### Task description
In the output, include exactly the lines from the beginning of the records up to and including the one that contains "Image 1 : Lot", and leave out the pictures.
── Material for this exercise ──
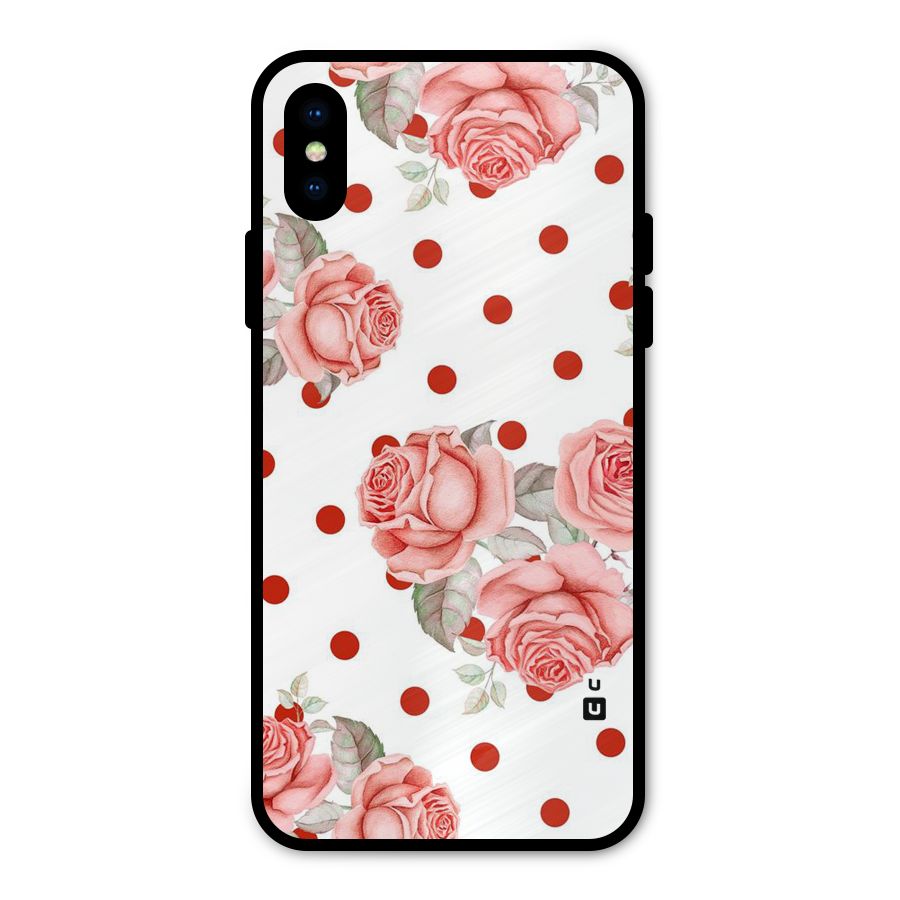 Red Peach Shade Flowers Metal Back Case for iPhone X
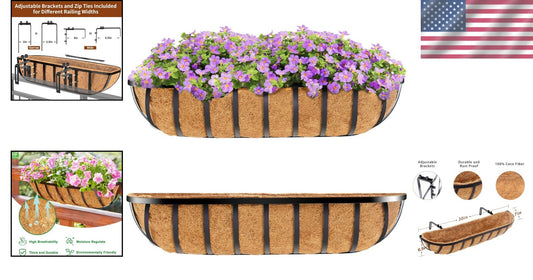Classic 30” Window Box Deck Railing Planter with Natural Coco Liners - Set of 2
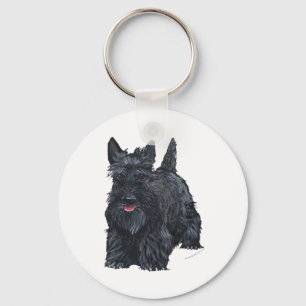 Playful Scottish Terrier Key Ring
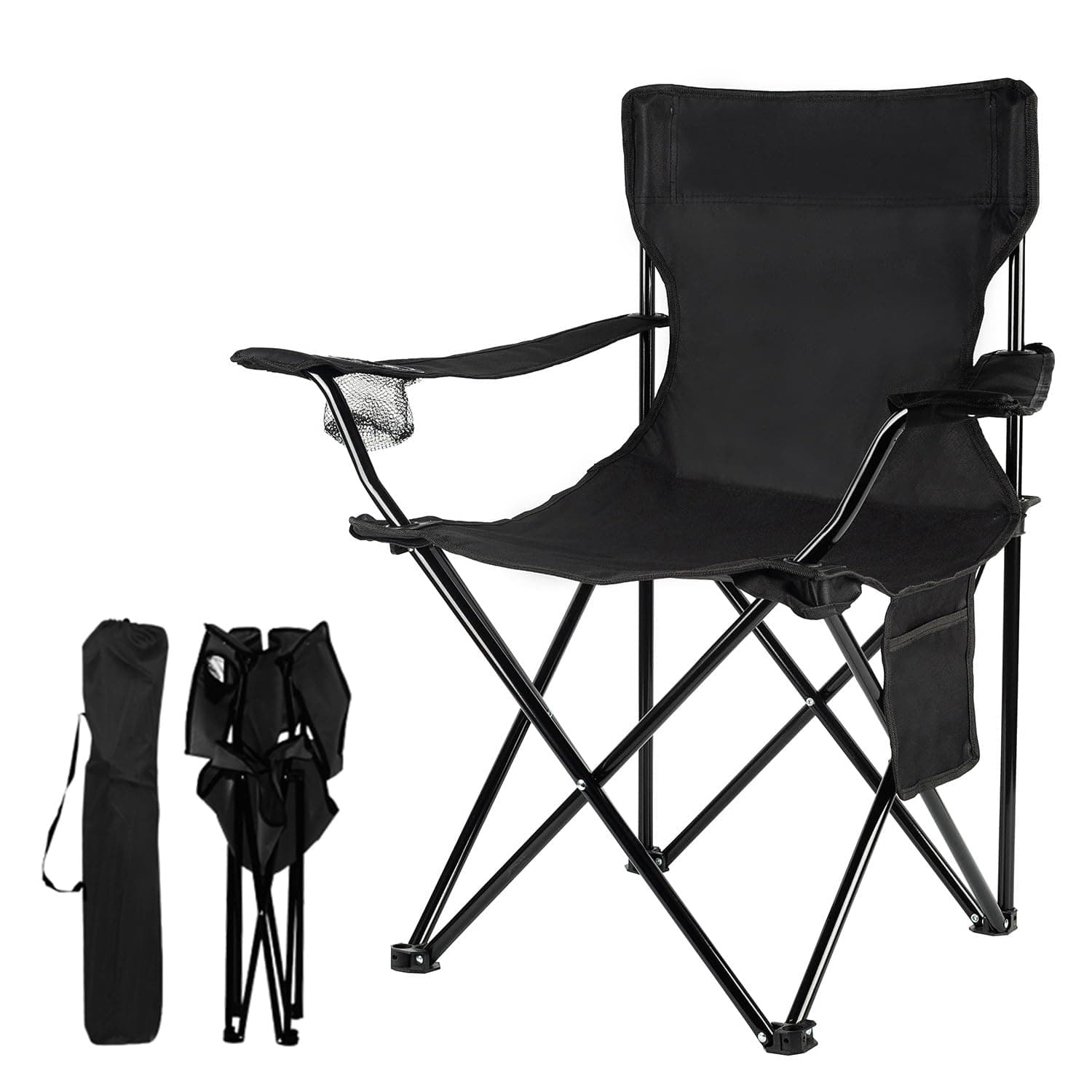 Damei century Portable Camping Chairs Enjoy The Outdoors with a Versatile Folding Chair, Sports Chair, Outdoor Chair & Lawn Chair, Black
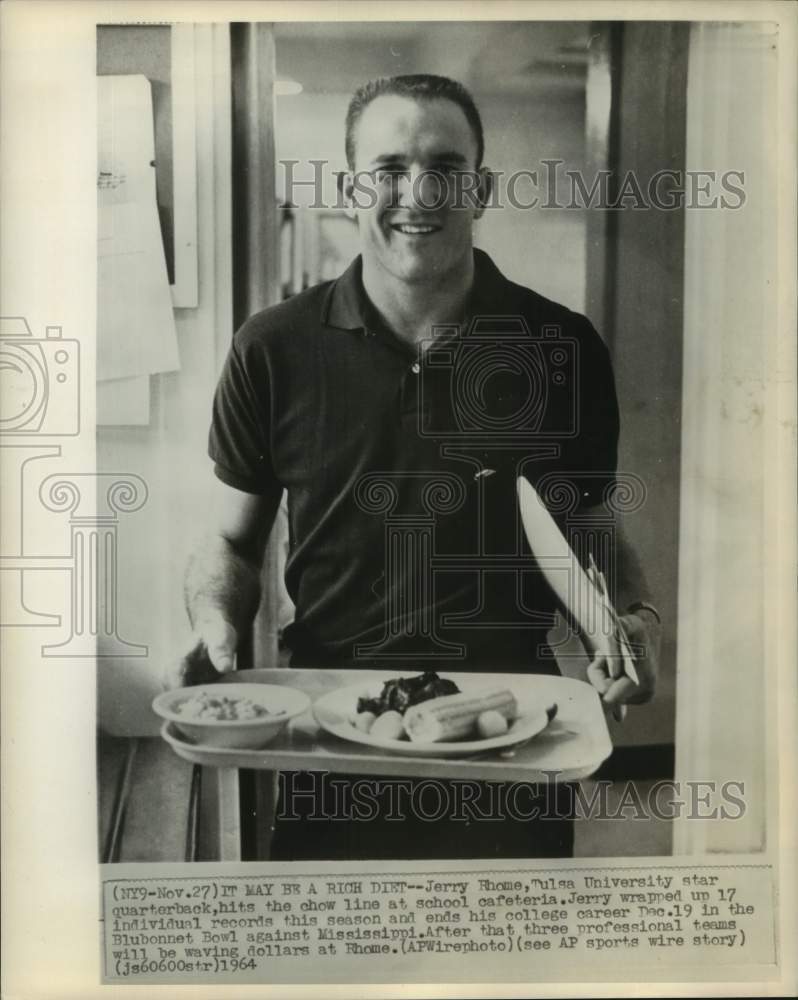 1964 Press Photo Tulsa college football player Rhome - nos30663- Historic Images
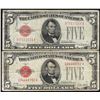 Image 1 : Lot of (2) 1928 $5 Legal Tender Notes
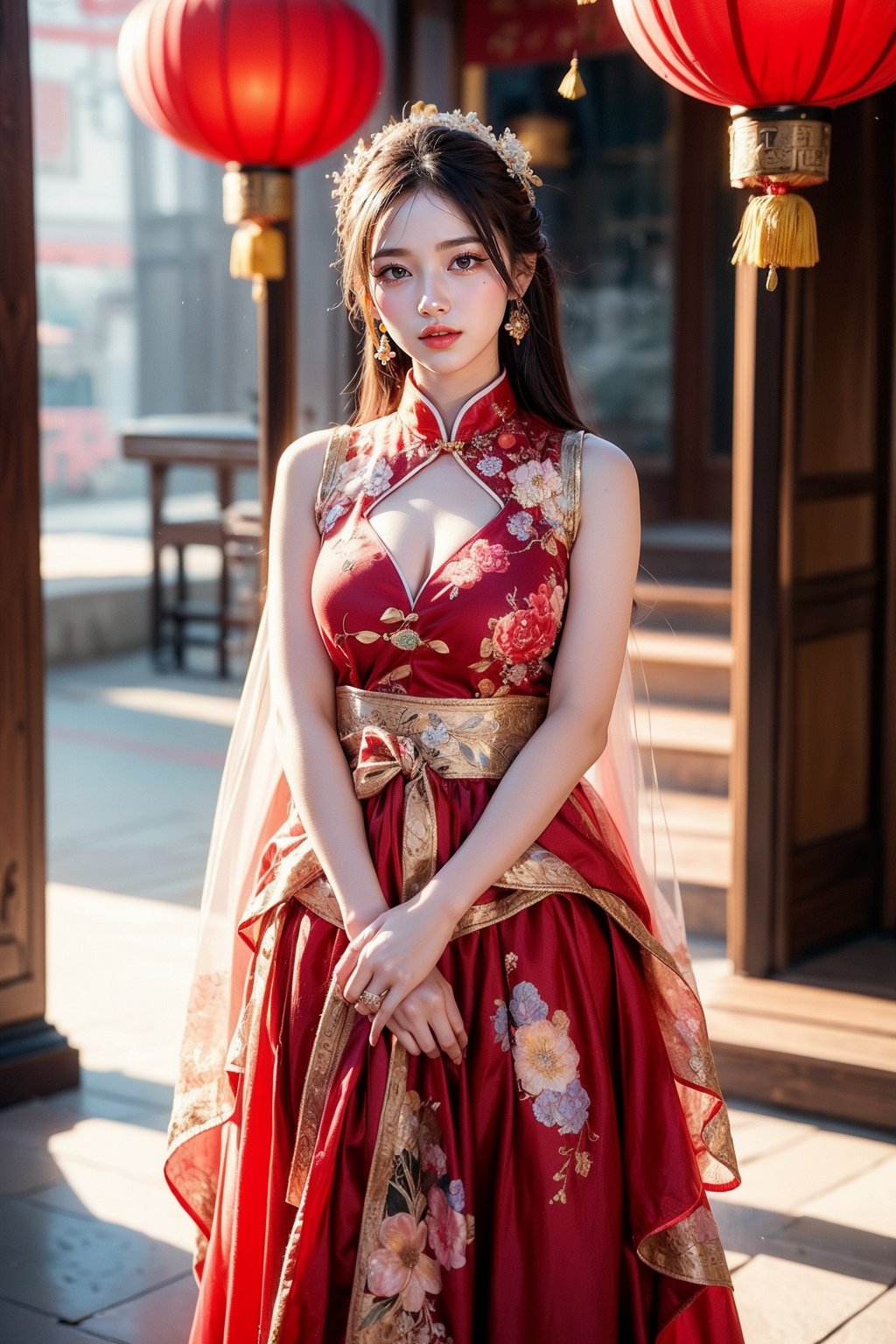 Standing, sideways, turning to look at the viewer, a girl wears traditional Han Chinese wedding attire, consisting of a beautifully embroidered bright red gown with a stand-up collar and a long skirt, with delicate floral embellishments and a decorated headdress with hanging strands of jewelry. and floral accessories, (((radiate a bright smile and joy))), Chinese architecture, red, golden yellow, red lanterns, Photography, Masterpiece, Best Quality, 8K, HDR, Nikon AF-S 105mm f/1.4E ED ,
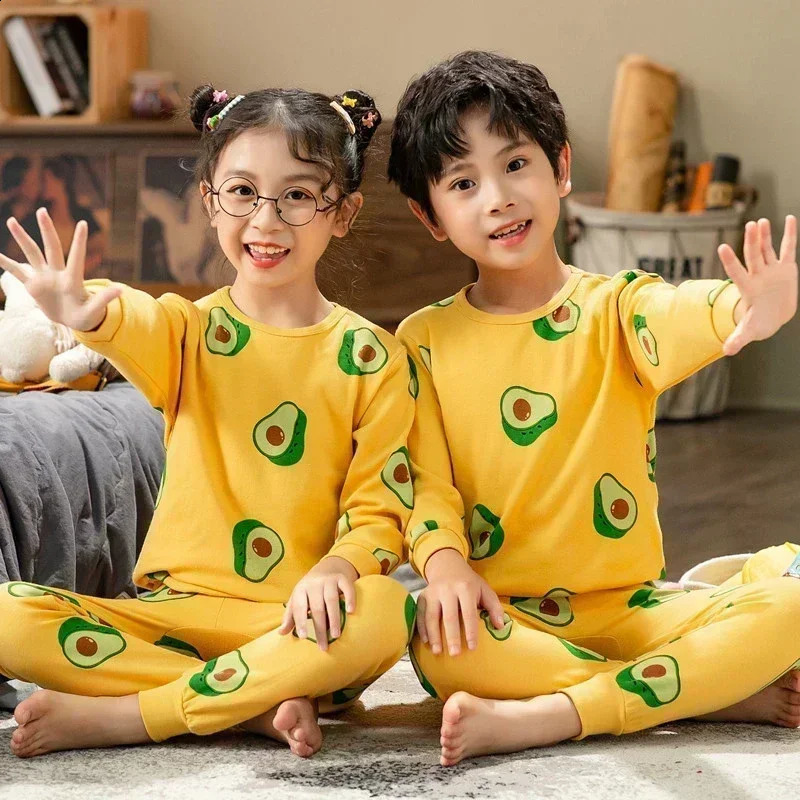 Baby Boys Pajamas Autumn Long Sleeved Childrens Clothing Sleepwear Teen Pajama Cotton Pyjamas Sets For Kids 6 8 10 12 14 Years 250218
───
### Written answer
 Red Peach Shade Flowers Metal Back Case for iPhone X
Classic 30” Window Box Deck Railing Planter with Natural Coco Liners - Set of 2
 Playful Scottish Terrier Key Ring
 Damei century Portable Camping Chairs Enjoy The Outdoors with a Versatile Folding Chair, Sports Chair, Outdoor Chair & Lawn Chair, Black
 1964 Press Photo Tulsa college football player Rhome - nos30663- Historic Images
 Image 1 : Lot of (2) 1928 $5 Legal Tender Notes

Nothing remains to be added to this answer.